The reform to the regulation includes several additions, such as an amendment to Article 6, which pertains to the responsibilities of the board of directors. The following clause was added: “Define and establish, within its AML/CFT Manual, an explicit and written, non-discriminatory policy for the acceptance of clients and/or market segments.”
The reform approved by SIBOIF
But in Article 11 referring to verification, they included “reviewing, the name of clients, beneficiaries, partners, guarantors, representatives and/or signatories, against internal and/or external databases of publicly available risk lists or provided by competent authority or international organizations on persons (natural or legal) in attention or designated…”
While in Section 16, referring to Enhanced Customer Due Diligence (CDD) measures, it states that the entity must apply enhanced CDD to clients “… who appear on national, foreign, international lists, or those of specialized organizations, regarding individuals associated with these risks.”
Finally, to Article 11, referring to verification, the following was added: “Establish enhanced due diligence measures for clients designated on lists and report them to the Financial Analysis Unit (UAF),” and it further states that “it must be verified that for clients designated on these lists, the provision of international financial services does not jeopardize their international business relationships.” Additionally, “financial institutions will determine whether to continue or terminate commercial relationships with these clients.”
Accounts in national currency for sanctioned individuals
According to the expert, with this reform, the Siboif makes it clear that Law 1224, the Law for the Protection of Nicaraguans Against External Sanctions and Aggressions, does not change the situation for those sanctioned in any way.
“At most, a bank can offer them a payroll account in national currency, but they would have to be excluded from all international services, credit cards, etc.
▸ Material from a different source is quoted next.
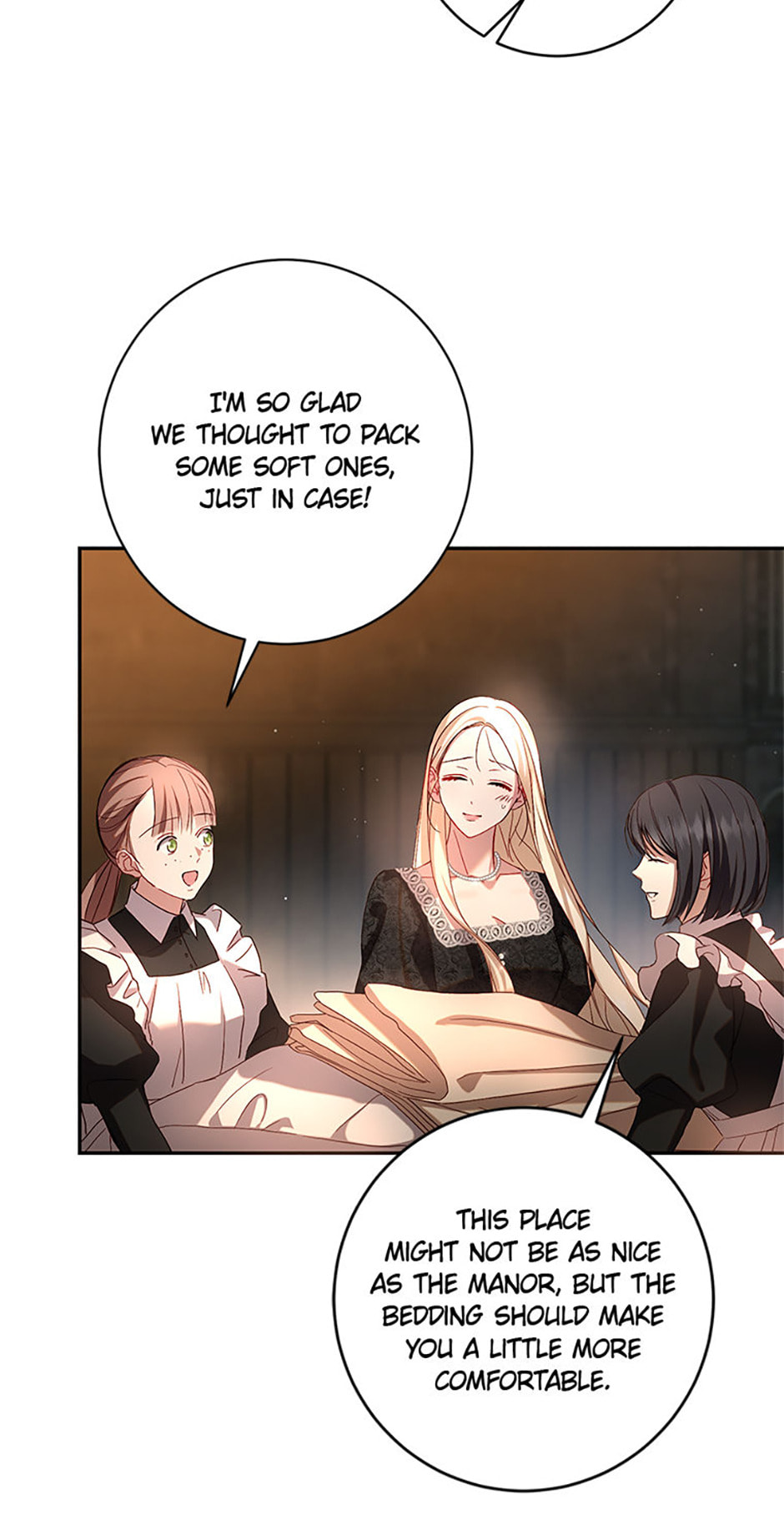 Read Little Did We Know chapter 6 image 22 on Lezhin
In other words, for Siboif, anti-money laundering regulations take precedence over a law that was only celebrated by pro-government media,” says the expert.
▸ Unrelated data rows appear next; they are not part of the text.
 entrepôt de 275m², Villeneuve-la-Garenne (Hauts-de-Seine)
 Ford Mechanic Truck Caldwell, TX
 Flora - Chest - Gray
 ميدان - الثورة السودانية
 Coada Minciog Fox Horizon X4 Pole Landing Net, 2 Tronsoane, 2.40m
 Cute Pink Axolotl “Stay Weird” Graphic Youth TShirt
He also adds that the reform made by Siboif to the regulation clearly states that these clients are considered high-risk, and banks may close their accounts if they prove that the clients pose a risk to the international contracts held by the institution. In other words, Siboif’s interpretation, as the banking regulatory body, is entirely different from what is outlined in Law 1224. Therefore, “even if the sanctioned client has an account, for instance, a payroll account, the bank must report this situation to the UAF,” he concludes.